Talk Description
Institution: Department of Transport and Main Roads, WSP Australia - Queensland, Australia
A Cooperative-Intelligent Transport Systems (C-ITS) central station is a critical technology component to enable a deployed C-ITS ecosystem. It acts as an information broker, facilitating the exchange of C-ITS messages with equipped vehicles, infrastructure, and other centres to enable various safety use cases that benefit both road users and authorities. These use cases can improve safety, efficiency, and sustainability, such as advanced red-light warnings, speed advice and road works alerts.

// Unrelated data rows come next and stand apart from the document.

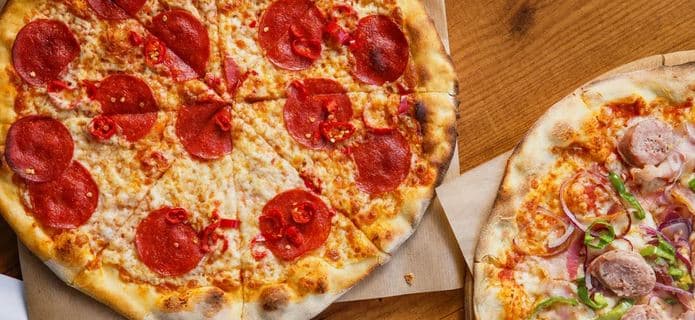 1× pizza (⌀ 35 cm) rozpečená v peci podle výběru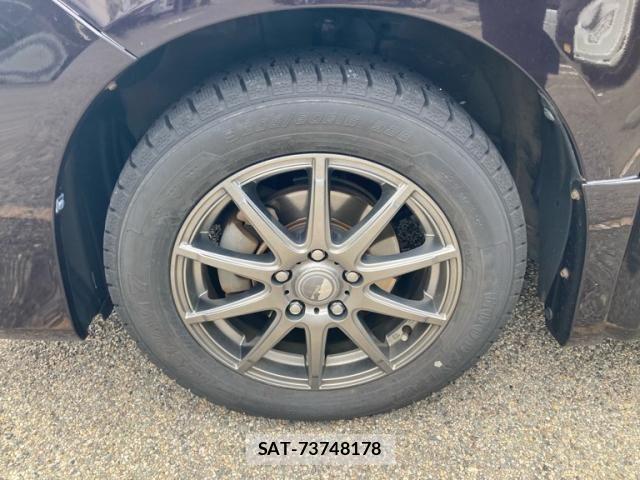 Toyota VOXY 2013-07 4759324-10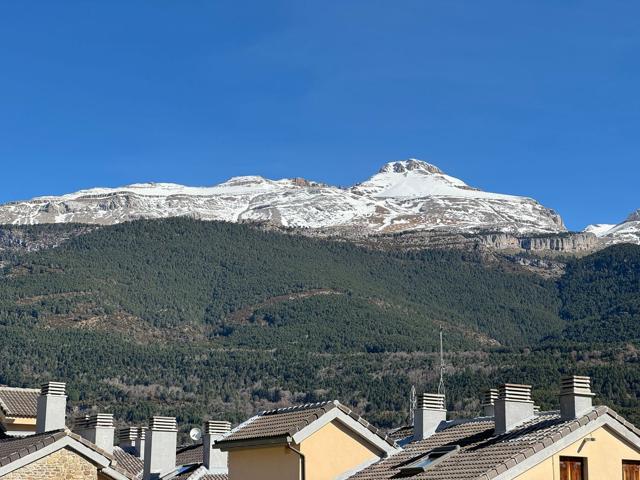 Piso En venta en Urbanización Espata R5, 11, Villanúa photo 0
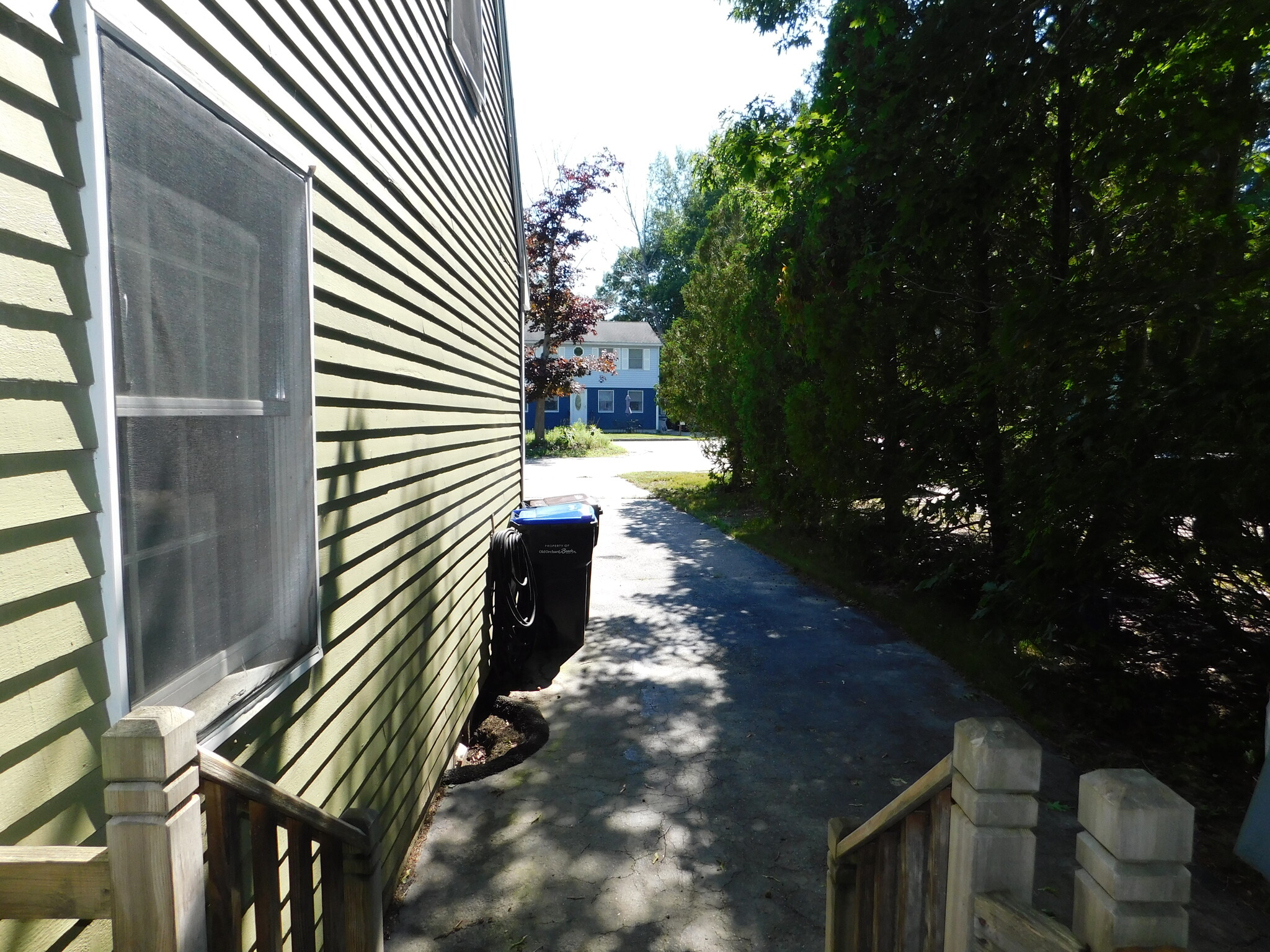 Building Photo - 4 Willow Creek Ln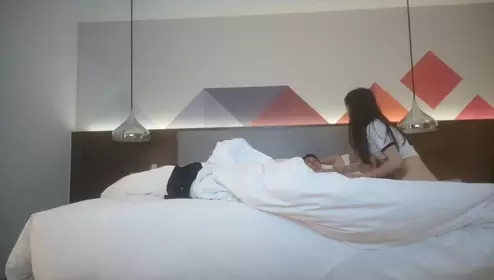 老马寻欢干死饥渴少妇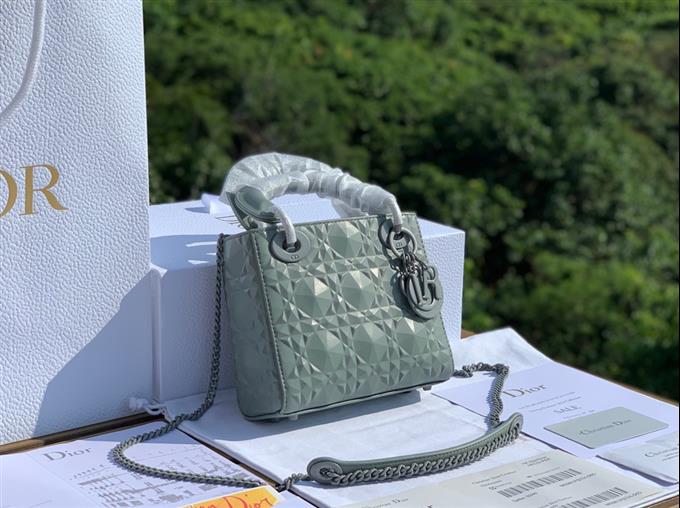 2025228Y900P205545977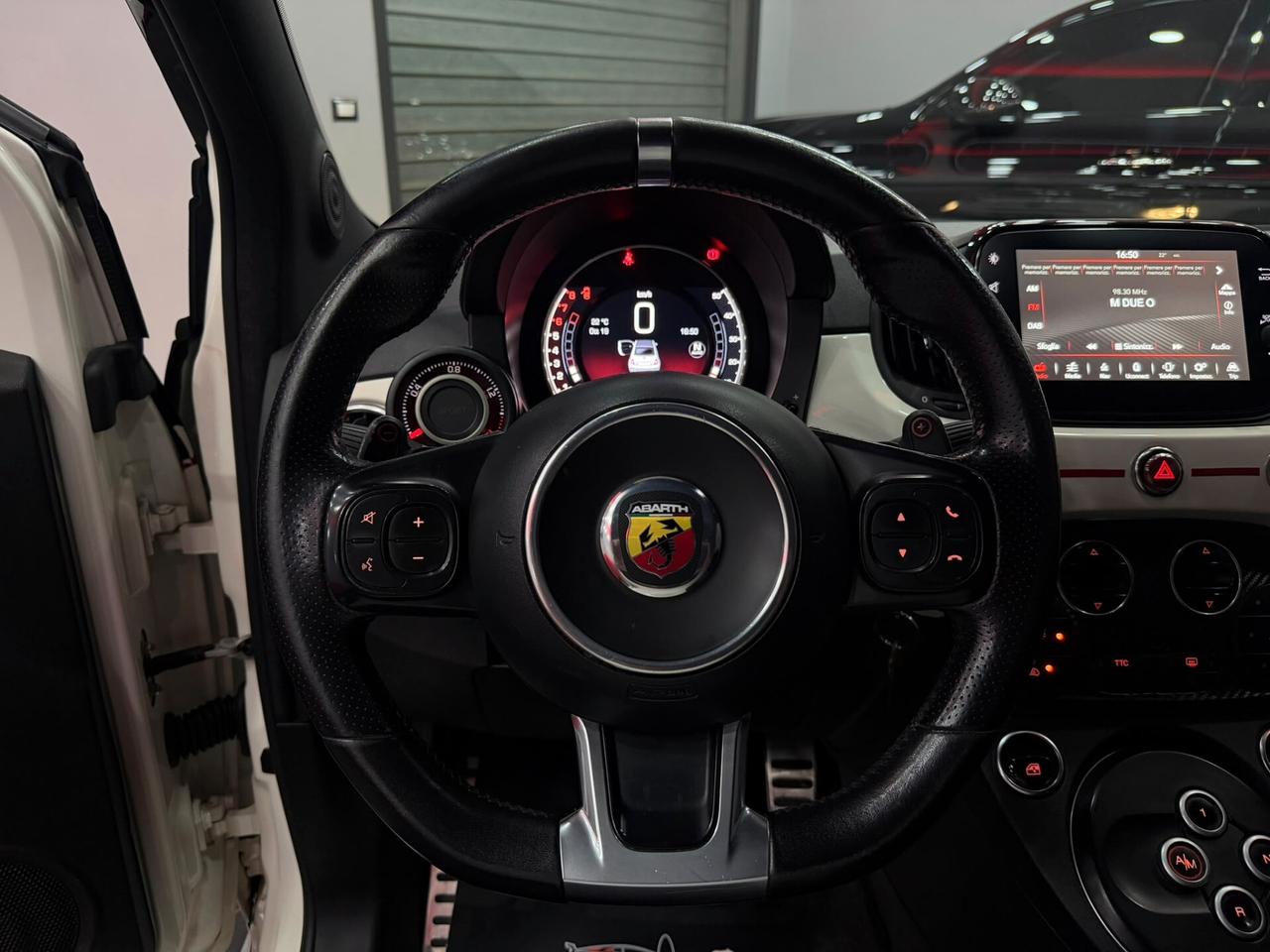 Abarth 595 C 1.4 Turbo T-Jet 160 CV Pista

The Department of Transport and Main Roads (TMR) developed a bespoke, secure, Central Facility for its Ipswich Connected Vehicle Pilot (ICVP), which supported safety use cases by sharing European standards compliant messages. Through its development, the scope expanded, and the product evolved, to include data ingestion, message creation and visualisation, monitoring and reporting, networking, device configuration and management, and system maintenance. It is currently used in cross-jurisdictional efforts towards national harmonisation (expanding coverage for use by other jurisdictions), as well as for aligning with international standards, sourcing data improvement, and the delivery, operation, and maintenance of C-ITS infrastructure. Additionally, the Central Facility is flexible enough to support future standards, data sources, and national alignment, such as centre-to-centre communication and national access points.
This presentation will detail the Central Facility's journey from a pilot enabler tool to a flexible C-ITS platform ready to support cross-jurisdictional trials and deployments. It will describe the enhancements made to the infrastructure, the benefits of the Central Facility, and the potential for its use in future C-ITS deployments across Australia.